Giusto, il disagio viene prima della coscienza. Giusto, solo a scuola poi si potrà costruire qualcosa. Speriamo che quel disagio diventi propulsore di interesse e non premessa a rabbie cieche.
Io sono preoccupato dalle parole d’ordine che hanno portato in piazza, che sono assolutamente qualunquiste. E non sono adolescenti a pronunciarle.
La mia città è da tre giorni bloccata da gruppuscoli (solo lunedì la gente è stata tanta, e c’erano disoccupati e artigiani in crisi: ora sono rimasti pochi, sparuti), ma gruppuscoli che bloccano mezzi pubblici, intimidiscono, offendono commercianti che restano aperti, passanti che non si uniscono alla protesta. E la polizia li lascia fare. Almeno, a Torino questo sta capitando.
Però c’è anche un’altra cosa. Ho 33 anni e per la prima volta sento un’aria diversa in questa protesta. E’ una protesta vera, nel senso che è scomposta, non più rassicurante e ritualizzata, come quelle cui ero, per generazione, abituato. Provo un senso di spaesamento e inquietudine, ma ho i sensi e i nervi tesi a captare un senso.
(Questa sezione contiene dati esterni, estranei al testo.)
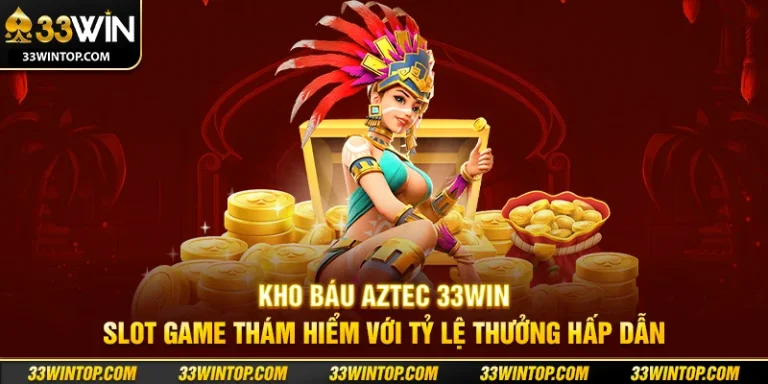 Kho Báu AZTEC 33WIN: Bí Quyết Mở Kho Báu Và Săn Jackpot Lớn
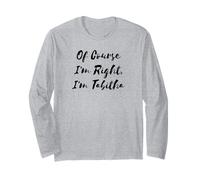 of Course I'm Right I'm Tabitha Long Sleeve T-Shirt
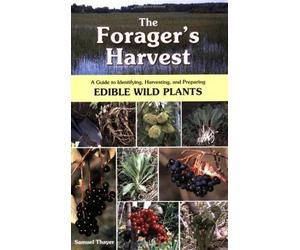 Samuel Thayer Thayer Samuel The Forager's Harvest (Tascabile)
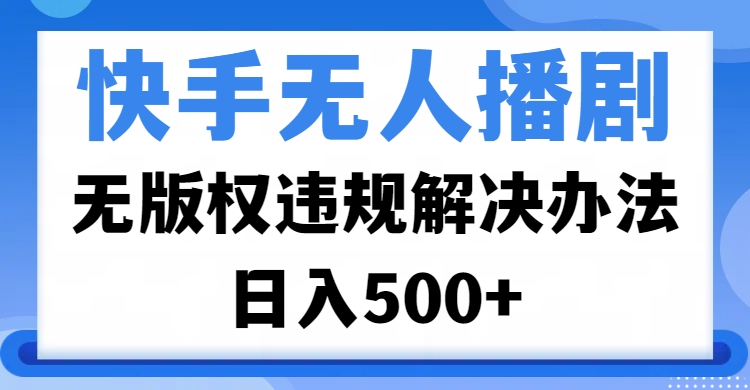 快手无人播剧，无版权违规解决办法，无人播剧日入500+聚合网创-网创项目资源站-副业项目-创业项目-搞钱项目聚合网创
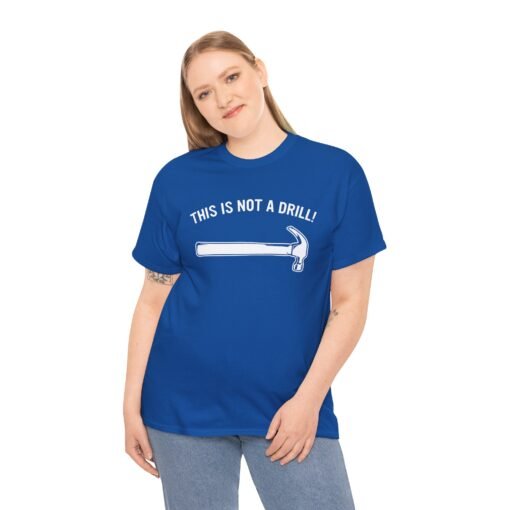 🔨 This Is Not A Drill Unisex T-Shirt – Hammer Time Meets Humor - Image 2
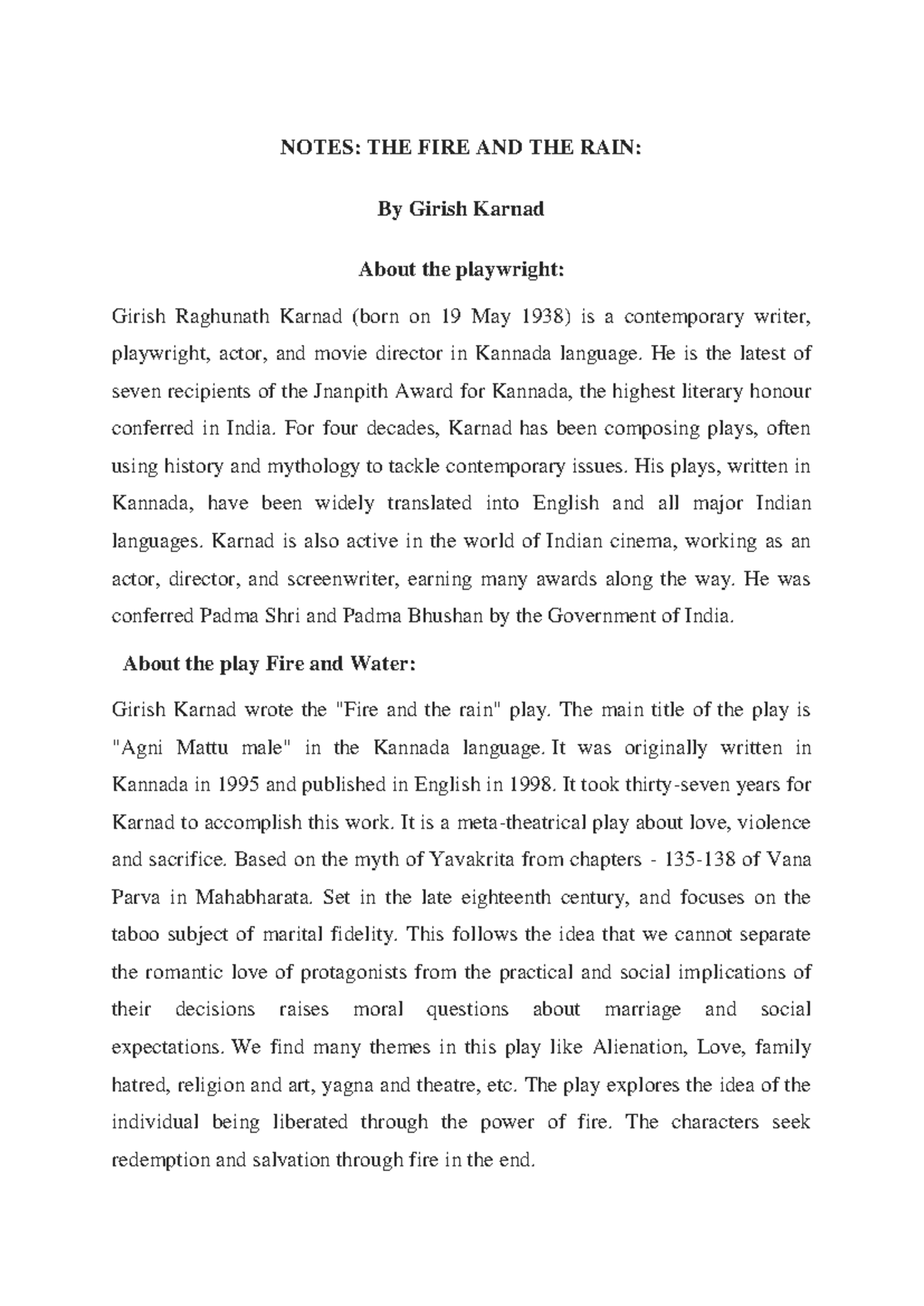 Fire And The Rain Summary By Girish Karnad "The Fire and the Rain: Notes on Girish Karnad's Play B.A. English 3rd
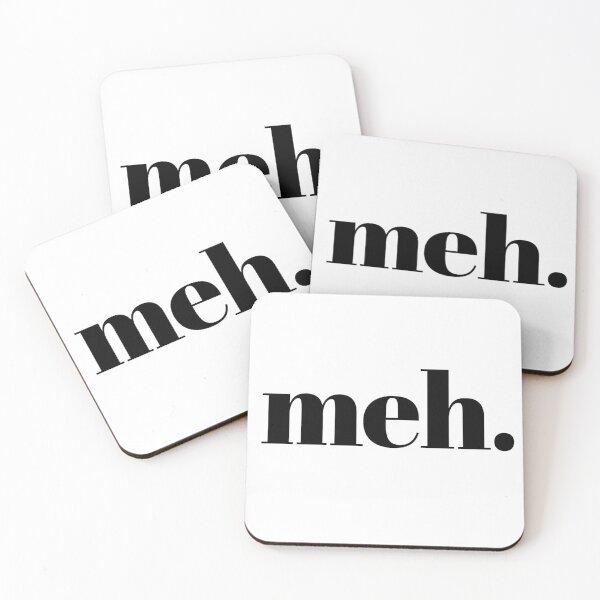 Item preview, Meh - indifferent, bored, don't care designed and sold by aussieforgood.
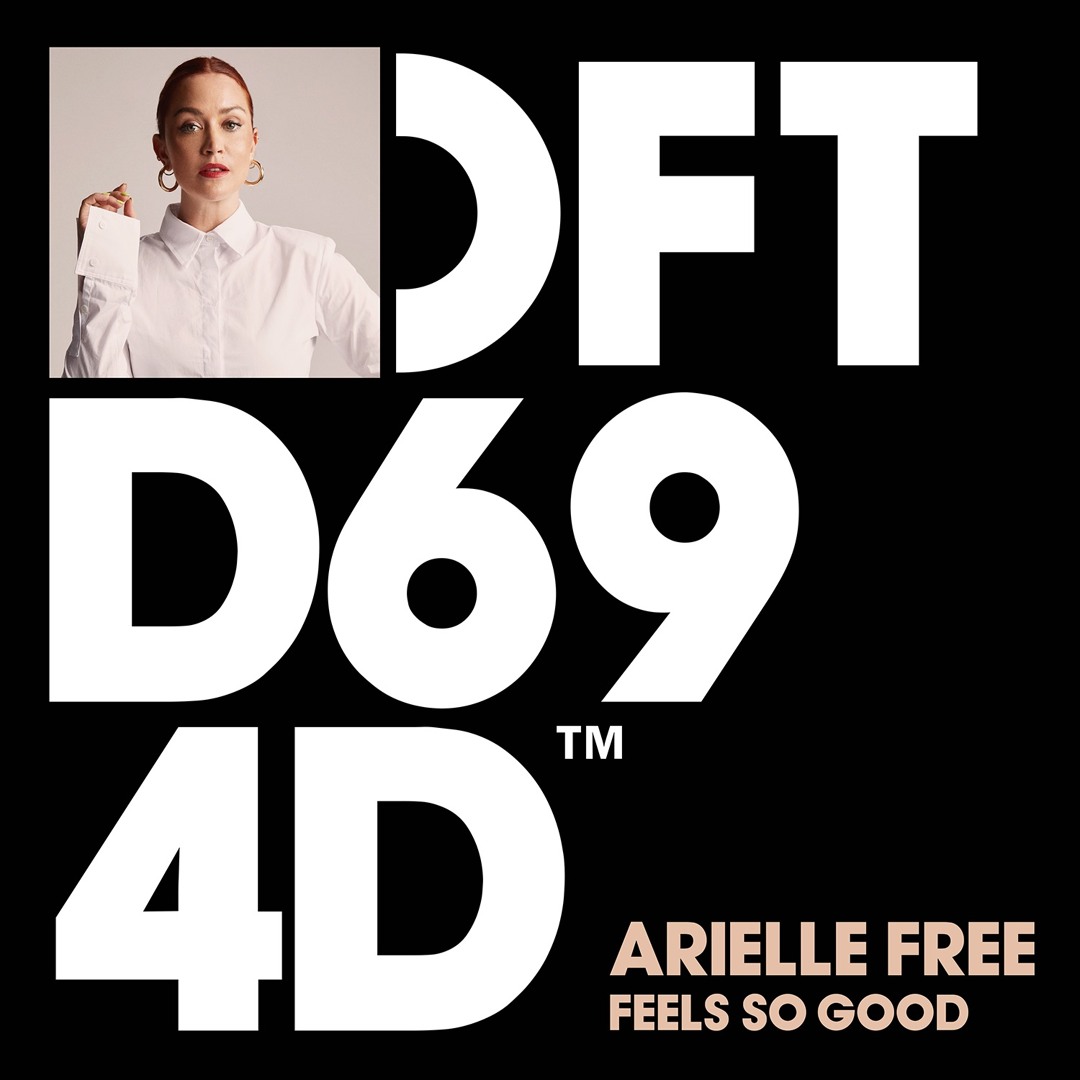 Stream Arielle Free - Feels So Good (Extended Mix) by Defected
E’ presto per dire se si sta profilando qualcosa di nuovo, ma se questo qualcosa davvero arriverà, forse qualcuno delle generazioni precedenti alla nostra dovrà spiegarci come funzionava qualche decennio fa, quando occupazioni e autogestioni non erano addomesticate e vacanziere come quelle che ho fatto io e addirittura eterodirette dagli adulti stessi (le autogestioni organizzate dalla scuola, a prevenire il conflitto nella bamabagia: quanto siamo stupidi noi adulti…), come è capitato finora ai miei studenti.
Dobbiamo capire, anche perché so per certo che dietro queste proteste ci sono mandanti poco chiari e dobbiamo assolutamente evitare che i nostri ragazzi finiscano nelle loro mani.
Ecco, più o meno questo.
Bersagli e modelli
Sono io a ringraziare Lo Vetere e Molly per gli stimoli alla comune riflessione.
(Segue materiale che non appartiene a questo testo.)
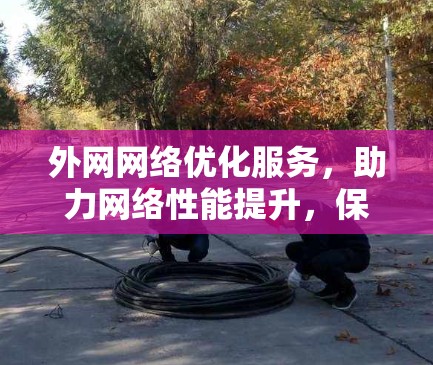 外网网络优化服务,助力网络性能提升,保障数据安全与稳定 外网网络优化服务,助力网络性能提升,保障数据安全与稳定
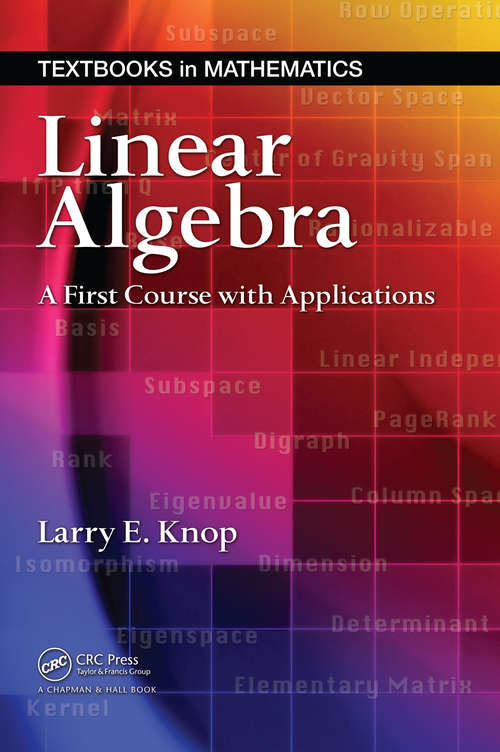 Book cover of Linear Algebra: A First Course with Applications (Textbooks In Mathematics Ser.)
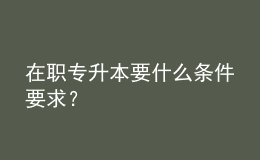 在職專升本要什么條件要求？ 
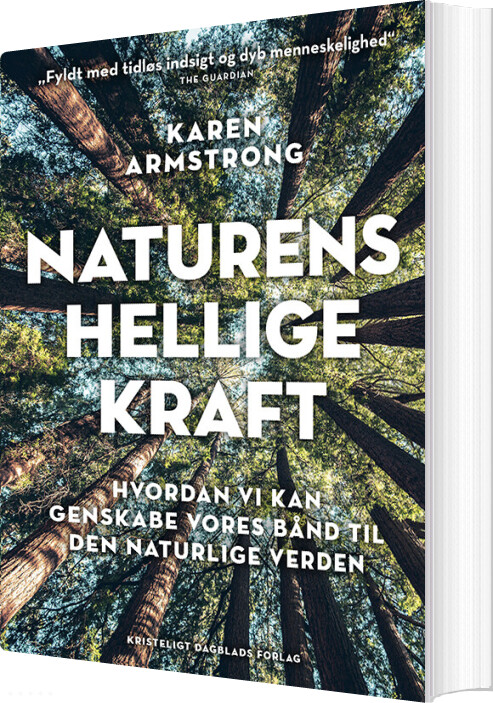 Naturens Hellige Kraft - Karen Armstrong - Bog - Kristeligt Dagblads Forlag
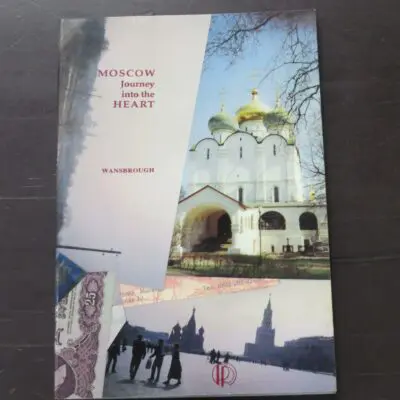 Wansbrough, Moscow, Journey into the Heart, Print Room Press, Sydney, 1993, paperback, 36 pages, tipped on frontis plate and 1 in text illustration, signed by author on FFEP, 20.5 cm x 14 cm,, Australia, Australian Poetry, Literature, Dead Souls Bookshop, Dunedin Book Shop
La cosa che mi sembra nuova di questa protesta è che gli studenti hanno preso esplicitamente di mira il mondo degli adulti, ritenuto colpevole di averli derubati del futuro. Naturalmente fanno parte del mondo adulto anche gli insegnanti, che proprio per queste ragioni sono stati lasciati fuori dai cancelli delle scuole.
Al contempo, mi sono sembrate preoccupanti le letture banalizzanti della protesta compiute dagli adulti, il silenzio imposto dai media, i commenti di sufficienza snocciolati da docenti e dirigenti (soprattutto da quelli che la “sanno lunga” per “averne viste tante” di occupazioni). Mi pare che proprio nel momento in cui gli studenti ci prendono a bersaglio chiedendoci di rispondere di un destino comune, noi ignoriamo le loro domande, le rispediamo al mittente o li accompagniamo fuori dai cancelli delle scuole con risposte tanto nervose quanto inadeguate.
C’è un disagio nell’aria magmatico che può essere generativo. Ma noi, insegnanti trenta-quarantenni, che non abbiamo avuto padri, siamo in grado di gestire il conflitto fra le generazioni? Sappiamo porci come bersaglio e come modello per i nostri studenti? Tutto ci è sembrato più grande di noi. Fin qui. Ora c’è qualcuno che scompostamente, ma con determinazione ci ricorda che i grandi siamo noi.